Advice for Leaping Up, Out, and Into the Life You WantPatty Chang Anker
Patty Chang Anker is one of our resident experts in the Babble Reinvention series. This month, she talks about the importance of “leaping” into a better life.
Until my mid-thirties, I was more comfortable leaping up than out. That is, I could take steps toward goals — a degree, a promotion, a family — boldly. Taking on new responsibilities or making reasonable life changes fit into the plan. Leaping out of my comfort zone to try new and different things, though?
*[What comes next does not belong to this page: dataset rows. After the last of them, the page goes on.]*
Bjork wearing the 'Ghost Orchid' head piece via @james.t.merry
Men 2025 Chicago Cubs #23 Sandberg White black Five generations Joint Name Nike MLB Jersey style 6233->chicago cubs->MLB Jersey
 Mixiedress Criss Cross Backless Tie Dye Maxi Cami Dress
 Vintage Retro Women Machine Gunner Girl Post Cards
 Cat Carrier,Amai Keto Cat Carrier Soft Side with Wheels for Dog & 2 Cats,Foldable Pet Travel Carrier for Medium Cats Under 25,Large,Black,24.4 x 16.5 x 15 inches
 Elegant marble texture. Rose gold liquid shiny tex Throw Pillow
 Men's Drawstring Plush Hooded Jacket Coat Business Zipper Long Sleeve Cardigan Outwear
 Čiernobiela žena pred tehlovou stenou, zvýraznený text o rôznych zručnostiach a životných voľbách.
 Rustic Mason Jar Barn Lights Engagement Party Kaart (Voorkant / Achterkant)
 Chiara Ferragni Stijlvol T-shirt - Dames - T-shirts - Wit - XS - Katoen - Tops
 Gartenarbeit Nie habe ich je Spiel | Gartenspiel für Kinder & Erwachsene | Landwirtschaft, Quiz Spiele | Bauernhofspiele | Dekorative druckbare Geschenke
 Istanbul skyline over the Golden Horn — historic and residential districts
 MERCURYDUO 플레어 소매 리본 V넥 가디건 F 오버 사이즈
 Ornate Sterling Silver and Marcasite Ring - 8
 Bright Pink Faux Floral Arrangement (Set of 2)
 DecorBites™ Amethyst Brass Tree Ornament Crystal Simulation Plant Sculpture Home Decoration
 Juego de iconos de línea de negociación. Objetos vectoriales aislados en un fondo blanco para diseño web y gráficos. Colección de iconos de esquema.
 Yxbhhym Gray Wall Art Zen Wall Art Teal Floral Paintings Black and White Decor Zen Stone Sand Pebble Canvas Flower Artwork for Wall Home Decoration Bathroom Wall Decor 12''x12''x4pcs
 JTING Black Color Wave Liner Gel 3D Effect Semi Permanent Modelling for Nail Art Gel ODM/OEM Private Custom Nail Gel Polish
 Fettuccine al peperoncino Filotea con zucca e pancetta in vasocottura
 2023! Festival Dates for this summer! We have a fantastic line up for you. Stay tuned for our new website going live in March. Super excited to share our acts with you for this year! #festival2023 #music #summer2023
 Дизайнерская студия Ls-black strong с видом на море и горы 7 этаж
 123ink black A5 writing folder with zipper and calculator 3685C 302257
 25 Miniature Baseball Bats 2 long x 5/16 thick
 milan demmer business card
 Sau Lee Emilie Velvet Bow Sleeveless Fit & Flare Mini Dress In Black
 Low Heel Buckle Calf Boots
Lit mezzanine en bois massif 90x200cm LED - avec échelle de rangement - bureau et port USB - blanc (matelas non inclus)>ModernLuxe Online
Who had time for that?
Friends of mine were the opposite: they had no problem leaping out and trying new things or starting new relationships, but then struggled to focus their energy or commit to a next step and a next. What if that cut off their options? What if they made a bad choice?
For many of us, midlife and motherhood shake up our old patterns, calling us to commit and to expand what we can do. It can be daunting, but also an opportunity to leap up, out, and into a bigger life. For me, a leap off a diving board set off a chain of events that brought me out of my narrow and lonely life all the way to being here at Babble with you. (See my TEDx Talk: Warning Leaving Comfort Zone. Things Could Get Exciting.)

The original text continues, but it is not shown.